Immediately, it felt like I placed my hands on dry ice. The feeling didn’t go away, even after I washed them. And I stupidly touched the IcyHot tube after washing my hands, but before putting on my underwear. So it felt like a song of fire and ice down there for a good hour. My decision-making skills are severely lacking today.
My daughter took an adult-sized dump in her toddler-sized potty. After pouring it into the regular toilet, it seriously almost clogged the toilet. In fact, she actually did clog the toilet last week with her sizable stool. I’m starting to think that we may need to get a poop knife for our daughter. Yes, I said “poop knife.” Yes, it’s a real thing. No, we don’t have one for her (yet). Yes, you can read about it here (caution – the article contains lots of naughty words).
The “Days Without a Poopy Underwear Accident” tracker can go back to zero (and we’d made it all the way to four days). I was so hopeful that we would make it the entire week, and then she gifted me an underwear nugget before running to the toilet. I should be glad that my back is feeling better and I’m able to help clean it up. But still – I’m cleaning up poop, you guys.
TGIF!!! We made it! My husband comes home tomorrow, and I think my daughter knows that. Aside from a minor tantrum about the fact that she has to turn the lights off before we leave the house, she’s been an angel. She got dressed without complaint. I only had to ask twice for her to sit on her potty. And she ate her dinner, no questions asked. Where has THIS daughter been all week?
My husband has returned home from his work trip and all is right in the universe.

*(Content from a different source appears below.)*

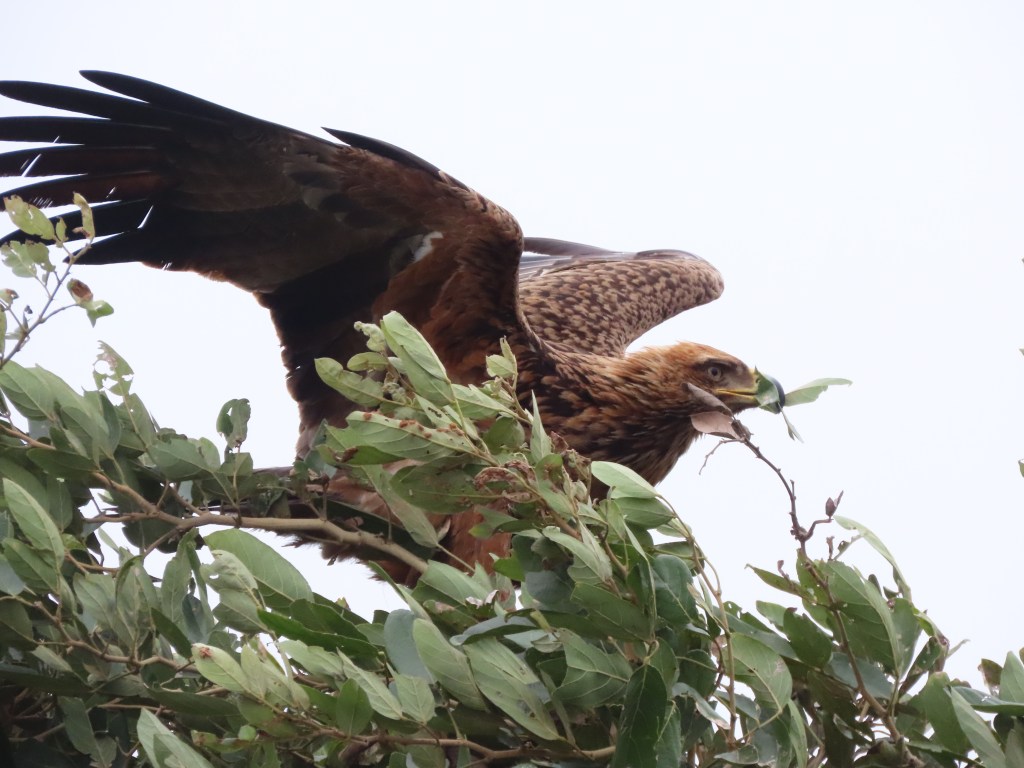 Unforgettable Kruger Day Safari: A Journey of Wildlife&nbsp;Wonders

I was able to leave the house this morning without packing up a toddler. It was glorious! Our daughter gave him a huge hug when she woke up, which absolutely melted my heart. I’m also happy because now he can get her dressed, do her hair, ask her to use the potty, make her meals, redirect her to eat her meals, and deal with the craziness of parenting a toddler. And I have someone to help me apply IcyHot to my back.